Entscheidungsstichwort (Thema)
Art und Weise der Gewährung von Akteneinsicht; Grenzen der Pflicht zur Verlegung eines gerichtlichen Termins wegen Verhinderung des Prozeßbevollmächtigten; keine Aussetzung des Verfahrens wegen Musterprozeß vor BFH
Leitsatz (NV)
1. Beantragt ein Prozeßbevollmächtigter im Klageverfahren Akteneinsicht beim nächstgelegenen Amtsgericht, so handelt das FG nicht ermessensfehlerhaft, wenn es die Versendung der Akten ablehnt, weil bei bevorstehender mündlicher Verhandlung eine rechtzeitige Rücksendung der Akten nicht mehr gewährleistet ist.
2. Wird die Akteneinsicht beim FG unter zeitlichen Umständen gewährt, die eine Akteneinsicht durch den Prozeßbevollmächtigten vor der mündlichen Verhandlung praktisch nicht mehr erlauben, so liegt darin keine Verletzung des rechtlichen Gehörs, wenn der Prozeßbevollmächtigte die zeitlichen Umstände zu vertreten hat.
3. Der Termin zur mündlichen Verhandlung ist wegen dienstlicher Verhinderung des Prozeßbevollmächtigten des Klägers nur dann zu verlegen, wenn nach den jeweiligen Verhältnissen des Einzelfalls die Verlegung des anderen Termins oder eine Vertretung durch einen anderen Prozeßbevollmächtigten nicht zumutbar ist.

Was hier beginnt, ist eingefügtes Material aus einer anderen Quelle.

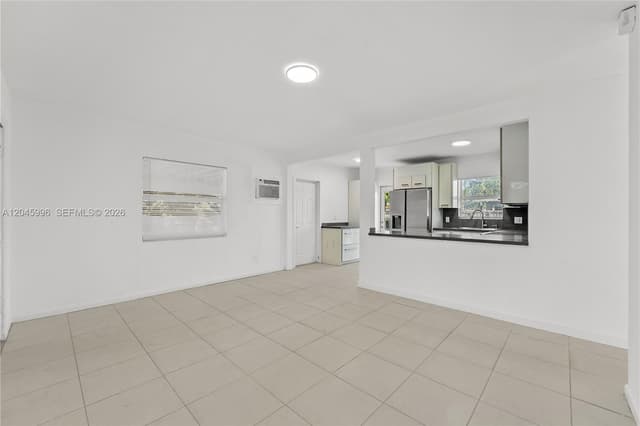 1201 NW 10th Pl, Fort Lauderdale FL 33311 - Fort Lauderdale, FL - Photo 2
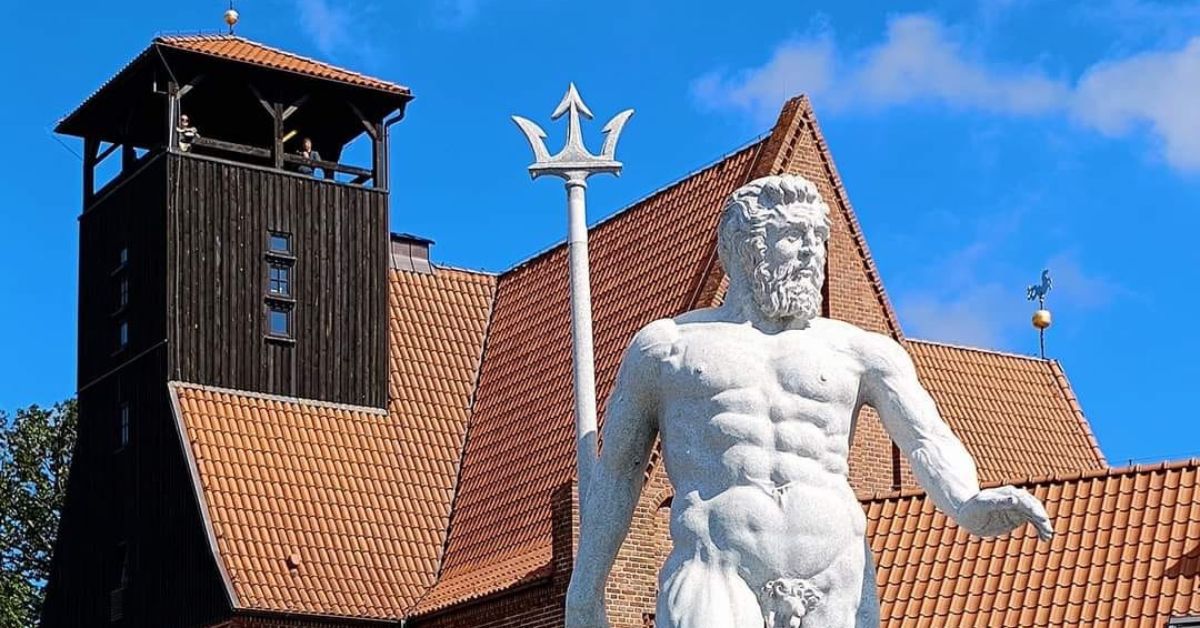 neptun, hela, neptun aus hela, statute, gott der meere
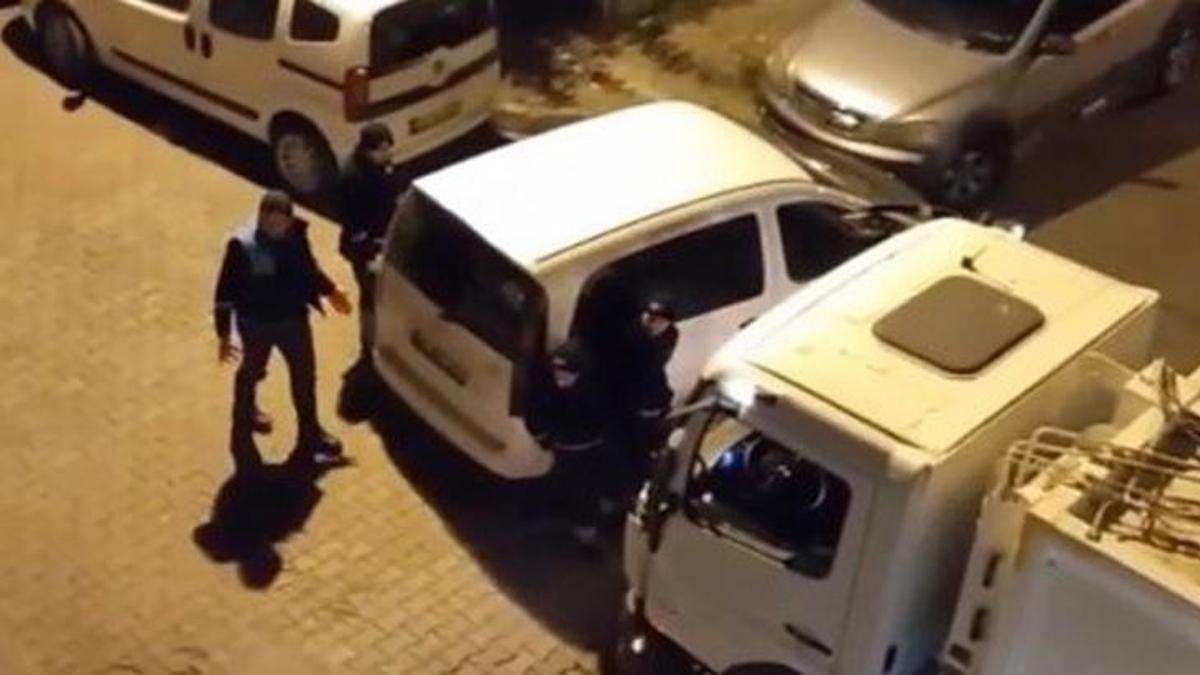 Güngören'de çöp arabası yoldan geçemedi, işçiler yolu böyle açtı!
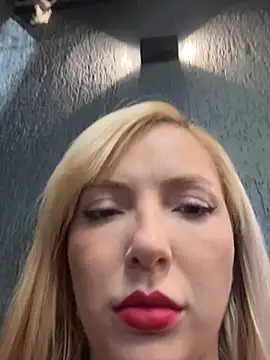 melisboa online show from May 16, 2026, 2:52 am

4. Ein Klageververfahren ist nicht wegen eines beim BFH anhängigen Musterverfahrens auszusetzen.
Normenkette
FGO §§ 74, 78, 155; ZPO § 227
Tatbestand
Der Kläger und Beschwerdeführer (Kläger) erhob Einspruch gegen den Einkommensteuerbescheid für das Streitjahr (1989) vom 10. August 1990. Der unter dem Datum des 21. August 1990 eingelegte Einspruch wurde u.a. damit begründet, daß der Grundfreibetrag zu niedrig sei.
Der Kläger bat in der Einspruchsschrift um die umgehende Übersendung einer klagefähigen Entscheidung. Über den Einspruch ist noch nicht entschieden.
Mit Schriftsatz vom 24. Juni 1991 erhob der Kläger Untätigkeitsklage gemäß § 46 Abs. 1 der Finanzgerichtsordnung (FGO). Das Finanzgericht (FG) lud zur mündlichen Verhandlung auf den 2. Oktober 1991. Die Ladung wurde dem Prozeßbevollmächtigten des Klägers am 4. September 1991 zugestellt.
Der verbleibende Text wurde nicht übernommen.